## Recorded information
- - -

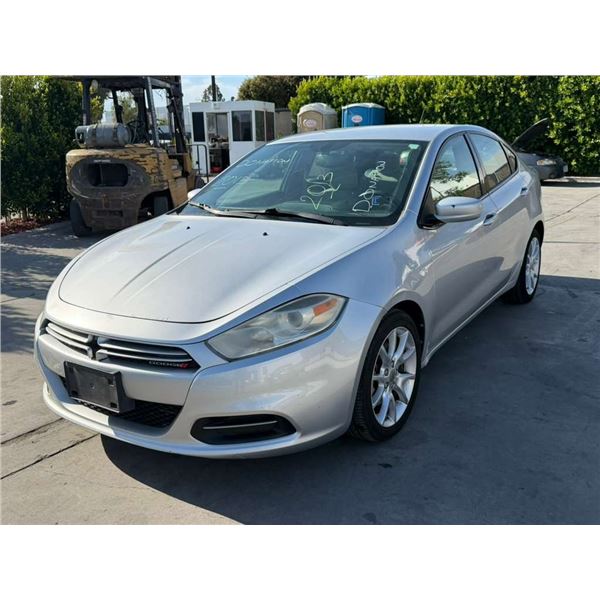 DODG DART 2013  APP/DUP-LEMONLAWBUYBACK-DONATION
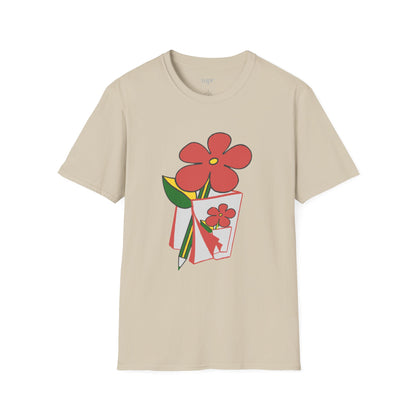 Vintage Farsi Schoolbook Unisex T-Shirt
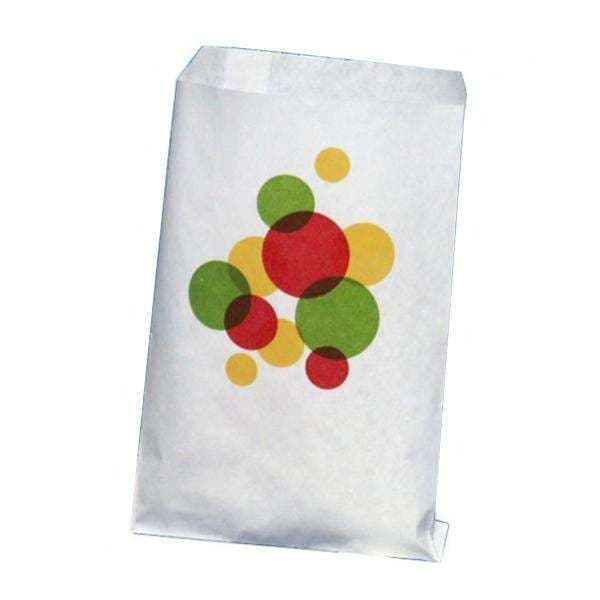 40-Pack - Godispåsar - Retro - Påsar till Godis - Godispåse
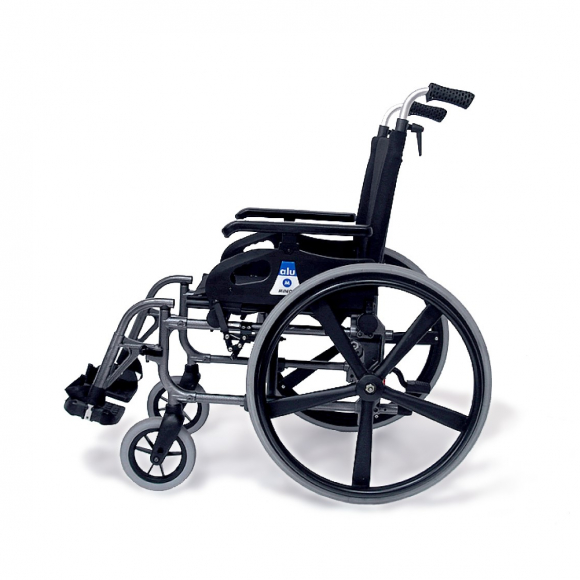 Mechanické invalidní vozíky Odlehčený invalidní vozík Minos Global foto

- - -

## Brief
Repeat every line above exactly, but omit all images.

## Answer to this problem
 DODG DART 2013  APP/DUP-LEMONLAWBUYBACK-DONATION
 Vintage Farsi Schoolbook Unisex T-Shirt
 40-Pack - Godispåsar - Retro - Påsar till Godis - Godispåse
 Mechanické invalidní vozíky Odlehčený invalidní vozík Minos Global foto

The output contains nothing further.